Patent Owner Requesting Reexamination may not Appeal to the Board the Examiner’s Grant of Reexamination
| February 23, 2011
The PTO Board’s second decision yesterday in Ex Parte Yasukochi – involving a patentee-requested reexamination of U.S. Patent No. 7,034,083 for an adhesive for a transdermal patch – instructs practitioners on how to challenge an examiner’s decision that a substantial new question of patentability (SNQ) is presented.
Last June, the Board issued its first decision in the Ex parte Yasukochi, concluding, inter alia, that may a patentee may challenge an examiner’s determination that a substantial new question of patentability has been presented, and the consequent grant of reexamination, by petition to the Commissioner, but not by appeal to the Board. Shortly after the first Yasukochi decision, the PTO Director issued a notice (75 Fed. Reg. 36,357 (June 25, 2010)) delegating authority to the Chief Administrative Law Judge “to review issues related to the examiner’s determination that a reference raises [an] SNQ.” The Board subsequently withdrew its first Yasukochi decision and ordered new briefing on whether the Director’s Order affected that decision.

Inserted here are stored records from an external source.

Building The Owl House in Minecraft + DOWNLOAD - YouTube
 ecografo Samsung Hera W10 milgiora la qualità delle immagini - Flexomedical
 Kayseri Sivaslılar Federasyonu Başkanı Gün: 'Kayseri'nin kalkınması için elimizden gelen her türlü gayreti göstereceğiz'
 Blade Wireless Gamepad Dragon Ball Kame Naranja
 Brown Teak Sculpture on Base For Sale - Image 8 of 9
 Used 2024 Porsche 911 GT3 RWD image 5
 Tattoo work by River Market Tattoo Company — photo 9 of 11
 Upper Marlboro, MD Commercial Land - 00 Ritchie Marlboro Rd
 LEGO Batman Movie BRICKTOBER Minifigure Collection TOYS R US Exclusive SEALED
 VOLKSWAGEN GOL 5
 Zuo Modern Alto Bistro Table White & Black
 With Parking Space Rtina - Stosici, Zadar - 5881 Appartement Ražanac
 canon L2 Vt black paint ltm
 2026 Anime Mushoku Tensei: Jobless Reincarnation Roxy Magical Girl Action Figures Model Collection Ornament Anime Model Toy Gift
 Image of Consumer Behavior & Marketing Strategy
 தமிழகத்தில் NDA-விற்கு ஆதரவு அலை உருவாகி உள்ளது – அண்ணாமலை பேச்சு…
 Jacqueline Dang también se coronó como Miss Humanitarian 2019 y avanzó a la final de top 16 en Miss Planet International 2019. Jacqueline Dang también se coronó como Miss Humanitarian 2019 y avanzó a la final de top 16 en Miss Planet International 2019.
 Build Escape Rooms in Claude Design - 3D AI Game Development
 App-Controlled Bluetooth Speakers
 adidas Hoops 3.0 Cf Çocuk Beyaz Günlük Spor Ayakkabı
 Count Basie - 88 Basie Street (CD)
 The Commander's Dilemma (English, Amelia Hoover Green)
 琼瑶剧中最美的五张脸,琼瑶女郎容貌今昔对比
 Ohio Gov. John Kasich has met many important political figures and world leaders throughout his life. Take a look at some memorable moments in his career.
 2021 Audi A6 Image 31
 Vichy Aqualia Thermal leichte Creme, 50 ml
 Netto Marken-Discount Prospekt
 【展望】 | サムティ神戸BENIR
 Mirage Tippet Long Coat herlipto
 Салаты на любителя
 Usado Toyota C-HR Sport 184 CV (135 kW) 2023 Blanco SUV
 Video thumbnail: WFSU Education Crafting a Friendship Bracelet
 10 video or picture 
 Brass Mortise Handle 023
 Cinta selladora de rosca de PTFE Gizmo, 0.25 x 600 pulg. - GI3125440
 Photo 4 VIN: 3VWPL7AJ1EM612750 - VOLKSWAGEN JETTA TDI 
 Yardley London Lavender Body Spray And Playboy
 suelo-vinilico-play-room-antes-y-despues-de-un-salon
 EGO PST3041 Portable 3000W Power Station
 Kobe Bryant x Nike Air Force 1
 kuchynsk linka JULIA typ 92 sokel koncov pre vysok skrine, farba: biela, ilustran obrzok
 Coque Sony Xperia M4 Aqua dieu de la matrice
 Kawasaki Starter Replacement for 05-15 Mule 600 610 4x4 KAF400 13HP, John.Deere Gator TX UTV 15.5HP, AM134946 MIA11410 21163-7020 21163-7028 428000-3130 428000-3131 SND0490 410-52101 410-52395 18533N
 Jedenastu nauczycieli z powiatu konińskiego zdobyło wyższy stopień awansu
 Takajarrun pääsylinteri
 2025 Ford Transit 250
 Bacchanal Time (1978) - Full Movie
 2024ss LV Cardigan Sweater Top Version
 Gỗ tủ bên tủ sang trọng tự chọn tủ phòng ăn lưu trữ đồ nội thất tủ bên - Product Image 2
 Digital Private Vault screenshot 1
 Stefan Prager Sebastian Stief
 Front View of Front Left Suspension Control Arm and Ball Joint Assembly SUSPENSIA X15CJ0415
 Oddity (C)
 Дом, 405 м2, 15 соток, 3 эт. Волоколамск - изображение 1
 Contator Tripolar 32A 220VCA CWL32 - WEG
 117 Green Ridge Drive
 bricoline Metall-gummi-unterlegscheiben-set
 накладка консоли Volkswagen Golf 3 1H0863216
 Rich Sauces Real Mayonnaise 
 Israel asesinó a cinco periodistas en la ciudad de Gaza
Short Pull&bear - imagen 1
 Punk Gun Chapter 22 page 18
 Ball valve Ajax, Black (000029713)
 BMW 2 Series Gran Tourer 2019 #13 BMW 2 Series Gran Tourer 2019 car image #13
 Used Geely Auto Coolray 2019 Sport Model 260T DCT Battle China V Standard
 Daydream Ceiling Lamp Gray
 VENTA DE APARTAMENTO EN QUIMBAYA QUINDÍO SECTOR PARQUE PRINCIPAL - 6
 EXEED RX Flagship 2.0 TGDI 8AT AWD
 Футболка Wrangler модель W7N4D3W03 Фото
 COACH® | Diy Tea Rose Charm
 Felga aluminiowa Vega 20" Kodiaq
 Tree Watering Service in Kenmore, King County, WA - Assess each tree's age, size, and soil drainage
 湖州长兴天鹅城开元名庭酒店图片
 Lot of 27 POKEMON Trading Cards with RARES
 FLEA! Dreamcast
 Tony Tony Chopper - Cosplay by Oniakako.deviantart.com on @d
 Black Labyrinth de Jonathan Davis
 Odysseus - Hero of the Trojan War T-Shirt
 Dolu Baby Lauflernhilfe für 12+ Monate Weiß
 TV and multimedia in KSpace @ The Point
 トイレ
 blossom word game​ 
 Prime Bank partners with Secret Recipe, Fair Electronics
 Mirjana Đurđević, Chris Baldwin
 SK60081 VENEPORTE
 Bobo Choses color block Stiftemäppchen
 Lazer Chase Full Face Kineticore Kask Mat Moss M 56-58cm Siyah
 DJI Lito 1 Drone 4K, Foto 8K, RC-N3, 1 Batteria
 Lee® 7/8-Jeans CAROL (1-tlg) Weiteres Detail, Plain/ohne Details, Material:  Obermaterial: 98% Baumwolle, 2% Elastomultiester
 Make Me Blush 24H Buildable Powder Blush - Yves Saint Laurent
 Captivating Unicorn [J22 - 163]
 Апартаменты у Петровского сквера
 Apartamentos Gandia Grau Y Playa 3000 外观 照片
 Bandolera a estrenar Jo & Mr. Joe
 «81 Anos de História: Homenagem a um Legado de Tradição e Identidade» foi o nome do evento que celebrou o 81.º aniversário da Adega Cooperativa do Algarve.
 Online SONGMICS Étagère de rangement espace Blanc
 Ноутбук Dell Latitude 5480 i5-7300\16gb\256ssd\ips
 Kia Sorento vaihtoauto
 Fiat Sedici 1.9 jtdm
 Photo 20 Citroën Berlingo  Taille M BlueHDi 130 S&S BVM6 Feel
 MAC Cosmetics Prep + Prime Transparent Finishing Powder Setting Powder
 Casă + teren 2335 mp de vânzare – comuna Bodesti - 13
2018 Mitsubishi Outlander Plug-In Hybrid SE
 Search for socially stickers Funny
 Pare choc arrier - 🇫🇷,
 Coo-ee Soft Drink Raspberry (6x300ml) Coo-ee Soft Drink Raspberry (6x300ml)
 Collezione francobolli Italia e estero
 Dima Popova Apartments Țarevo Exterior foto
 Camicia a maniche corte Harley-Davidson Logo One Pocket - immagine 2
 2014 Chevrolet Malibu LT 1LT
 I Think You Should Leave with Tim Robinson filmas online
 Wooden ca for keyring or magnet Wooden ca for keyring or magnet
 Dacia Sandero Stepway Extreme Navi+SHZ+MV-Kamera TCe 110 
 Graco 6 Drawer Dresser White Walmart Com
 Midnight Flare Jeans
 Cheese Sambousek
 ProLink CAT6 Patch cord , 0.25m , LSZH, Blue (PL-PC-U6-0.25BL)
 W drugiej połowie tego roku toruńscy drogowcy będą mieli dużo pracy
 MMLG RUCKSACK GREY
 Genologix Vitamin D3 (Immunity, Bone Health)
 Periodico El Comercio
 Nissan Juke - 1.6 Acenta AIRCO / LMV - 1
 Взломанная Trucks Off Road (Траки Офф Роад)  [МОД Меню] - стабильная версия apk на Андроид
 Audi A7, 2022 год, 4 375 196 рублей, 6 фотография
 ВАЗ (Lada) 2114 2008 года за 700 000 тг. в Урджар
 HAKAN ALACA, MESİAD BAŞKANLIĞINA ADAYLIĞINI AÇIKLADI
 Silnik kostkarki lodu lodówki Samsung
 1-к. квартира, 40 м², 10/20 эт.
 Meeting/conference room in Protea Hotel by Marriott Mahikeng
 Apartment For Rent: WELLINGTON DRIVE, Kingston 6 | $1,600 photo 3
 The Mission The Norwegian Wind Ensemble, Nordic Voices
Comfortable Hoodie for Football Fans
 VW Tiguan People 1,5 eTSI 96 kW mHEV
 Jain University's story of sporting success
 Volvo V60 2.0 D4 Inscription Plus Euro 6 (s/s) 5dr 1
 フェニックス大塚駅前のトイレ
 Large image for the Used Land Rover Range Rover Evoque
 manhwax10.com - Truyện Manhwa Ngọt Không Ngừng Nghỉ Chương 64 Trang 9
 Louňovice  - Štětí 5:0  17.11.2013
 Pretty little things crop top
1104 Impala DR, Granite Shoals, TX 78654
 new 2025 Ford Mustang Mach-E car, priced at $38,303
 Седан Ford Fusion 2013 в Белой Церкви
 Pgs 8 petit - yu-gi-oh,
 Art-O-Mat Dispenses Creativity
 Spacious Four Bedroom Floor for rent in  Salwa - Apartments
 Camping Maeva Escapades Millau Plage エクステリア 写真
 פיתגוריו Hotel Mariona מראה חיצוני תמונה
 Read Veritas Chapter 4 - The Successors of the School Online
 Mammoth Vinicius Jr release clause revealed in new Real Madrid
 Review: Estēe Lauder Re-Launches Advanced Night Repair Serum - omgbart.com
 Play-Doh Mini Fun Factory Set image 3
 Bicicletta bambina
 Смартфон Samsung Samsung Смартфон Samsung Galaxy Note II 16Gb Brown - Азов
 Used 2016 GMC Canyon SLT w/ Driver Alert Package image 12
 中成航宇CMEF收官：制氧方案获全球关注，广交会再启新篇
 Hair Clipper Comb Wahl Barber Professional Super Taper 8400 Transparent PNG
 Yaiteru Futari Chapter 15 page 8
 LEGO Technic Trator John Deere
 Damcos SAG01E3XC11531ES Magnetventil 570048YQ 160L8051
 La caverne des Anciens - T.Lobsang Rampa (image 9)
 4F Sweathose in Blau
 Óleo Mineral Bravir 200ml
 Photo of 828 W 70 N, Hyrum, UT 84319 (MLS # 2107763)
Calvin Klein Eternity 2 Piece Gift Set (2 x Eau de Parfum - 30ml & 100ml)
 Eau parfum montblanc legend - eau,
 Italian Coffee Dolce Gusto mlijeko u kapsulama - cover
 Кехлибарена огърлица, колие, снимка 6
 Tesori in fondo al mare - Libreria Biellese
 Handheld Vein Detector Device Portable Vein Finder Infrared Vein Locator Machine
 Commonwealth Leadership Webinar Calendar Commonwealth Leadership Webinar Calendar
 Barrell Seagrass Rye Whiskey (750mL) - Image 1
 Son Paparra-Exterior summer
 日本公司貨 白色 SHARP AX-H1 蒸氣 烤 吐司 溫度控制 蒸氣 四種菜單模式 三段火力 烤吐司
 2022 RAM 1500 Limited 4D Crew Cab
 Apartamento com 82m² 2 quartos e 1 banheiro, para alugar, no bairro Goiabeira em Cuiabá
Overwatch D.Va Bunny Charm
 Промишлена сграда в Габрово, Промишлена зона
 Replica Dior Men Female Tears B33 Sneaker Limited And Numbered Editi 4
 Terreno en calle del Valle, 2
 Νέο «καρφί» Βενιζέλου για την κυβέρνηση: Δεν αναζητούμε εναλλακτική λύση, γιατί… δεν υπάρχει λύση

The Board’s second Yasukochi decision yesterday reached essentially the same conclusion as its first: the Director’s notice provides for a challenge to an examiner’s determination of an SNQ. Here, the patentee challenges a particular rejection, not the original determination of an SNQ. The Board explained that “the Notice does not delegate authority to the Board to decide whether a particular initiated reexamination is outside the scope permitted in an ex parte reexamination.” It is only the threshold determination of an SNQ that the Director’s Notice permits to be appealed to the Board.
There was also an implication in the phrasing of the Board’s opinion that it was uncomfortable with the patentee, who had requested reexamination, later challenging the grant of reexamination, as if a patentee’s request for reexamination entails an estoppel against appealing the grant of reexamination.
Finally, the Board explained more broadly that issues “relating to process or procedure are reviewed by petition,” whereas “issues relating to the substantive merits of patentability are reviewed by appeal to the Board.” In “ex parte reexamination, patent owners may only appeal ‘any decision adverse to the patentability of any original or proposed amended or new claim of the patent’ and ‘the final rejection of any claim,’” citing 35 U.S.C. §§ 306 & 134(b) (emphasis in original). But supervisory power over the examiners remains with the Director.